- _Instructions to follow_
Below are records to repeat exactly. Omit the pictures from the copy.

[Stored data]
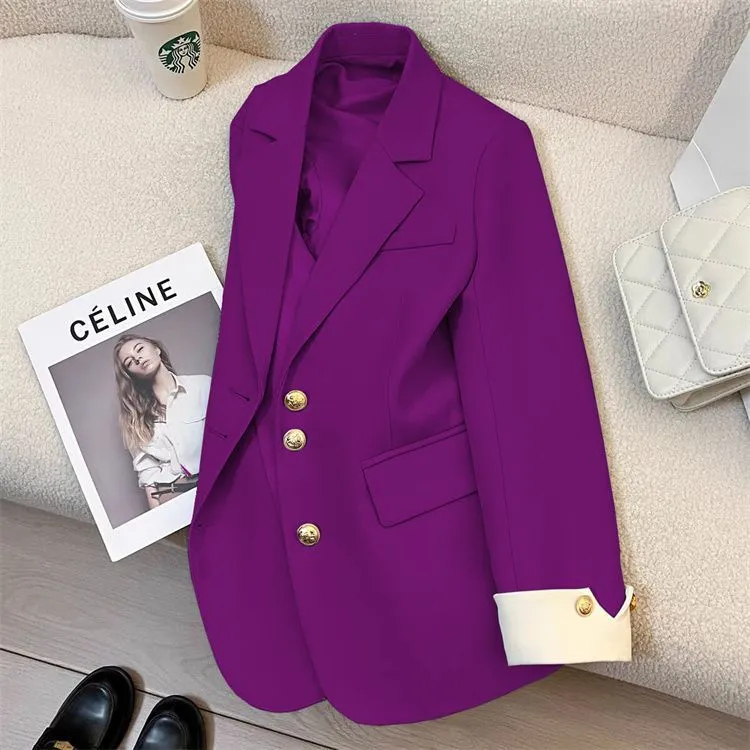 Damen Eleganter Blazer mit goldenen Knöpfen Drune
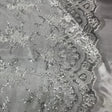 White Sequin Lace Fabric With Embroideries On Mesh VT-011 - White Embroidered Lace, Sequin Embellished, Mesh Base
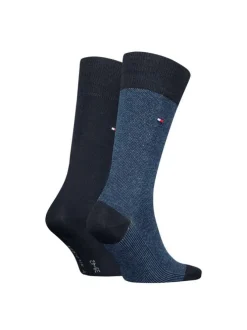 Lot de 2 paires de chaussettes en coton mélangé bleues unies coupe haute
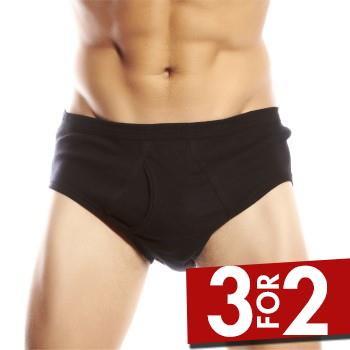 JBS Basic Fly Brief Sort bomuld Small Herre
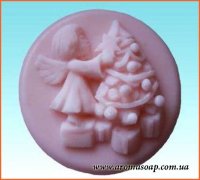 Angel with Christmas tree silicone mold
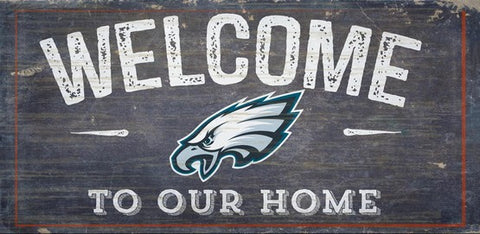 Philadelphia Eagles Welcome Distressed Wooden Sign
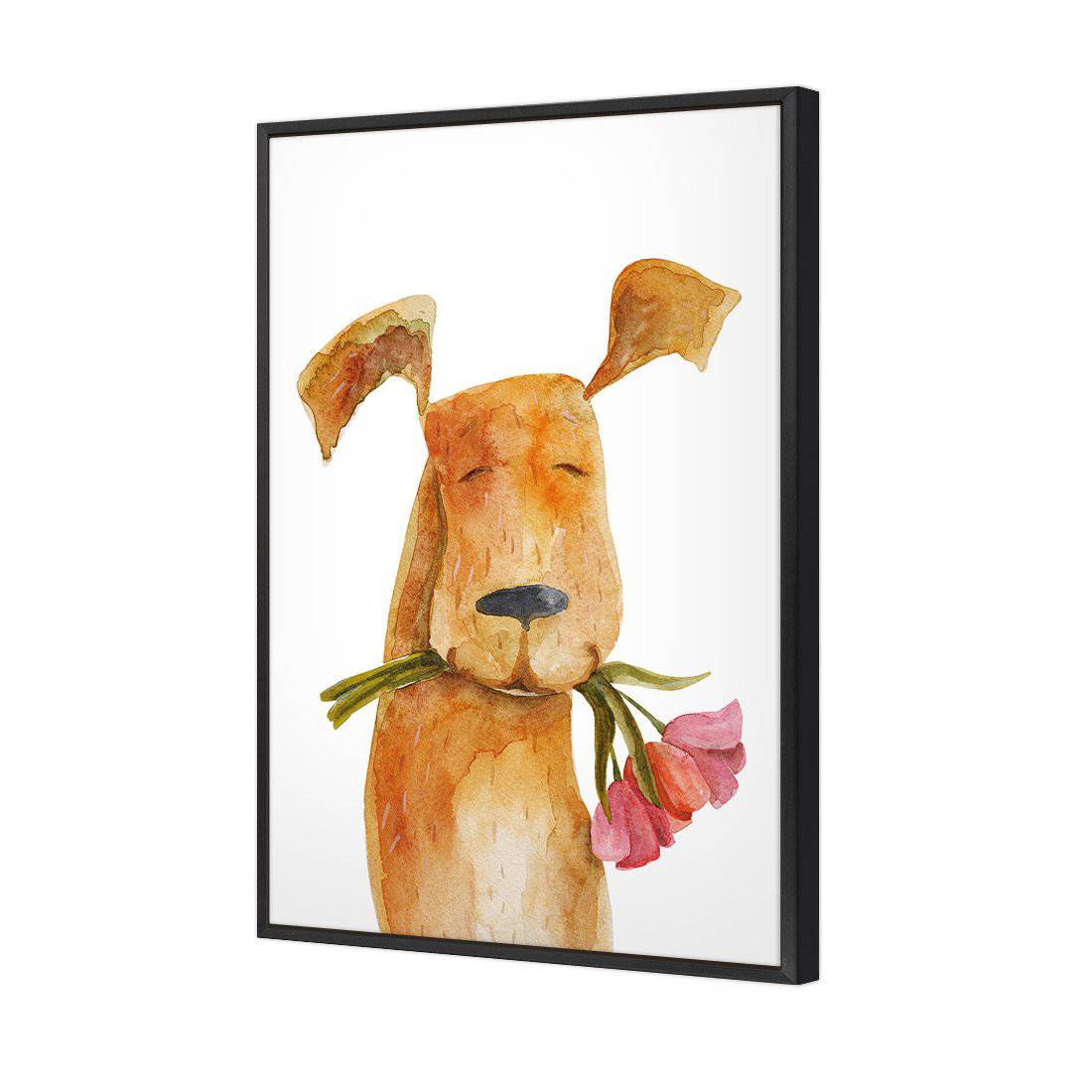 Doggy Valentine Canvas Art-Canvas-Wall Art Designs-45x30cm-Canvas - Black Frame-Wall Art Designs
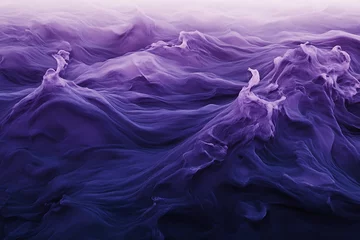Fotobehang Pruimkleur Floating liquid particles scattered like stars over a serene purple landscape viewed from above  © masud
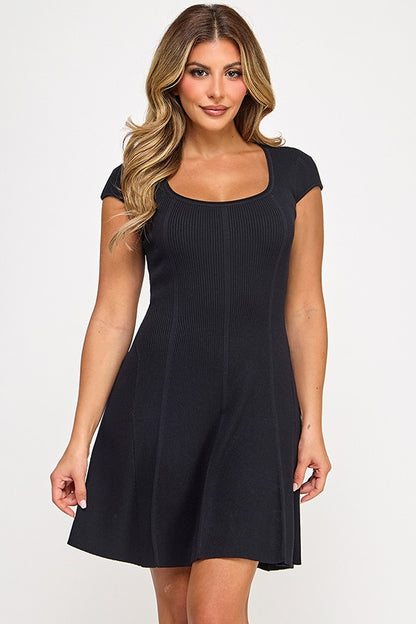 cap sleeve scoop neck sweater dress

- _Task solution_
 Damen Eleganter Blazer mit goldenen Knöpfen Drune
 White Sequin Lace Fabric With Embroideries On Mesh VT-011 - White Embroidered Lace, Sequin Embellished, Mesh Base
 Lot de 2 paires de chaussettes en coton mélangé bleues unies coupe haute
 JBS Basic Fly Brief Sort bomuld Small Herre
 Angel with Christmas tree silicone mold
 Philadelphia Eagles Welcome Distressed Wooden Sign
 Doggy Valentine Canvas Art-Canvas-Wall Art Designs-45x30cm-Canvas - Black Frame-Wall Art Designs
Fotobehang Pruimkleur Floating liquid particles scattered like stars over a serene purple landscape viewed from above  © masud
 cap sleeve scoop neck sweater dress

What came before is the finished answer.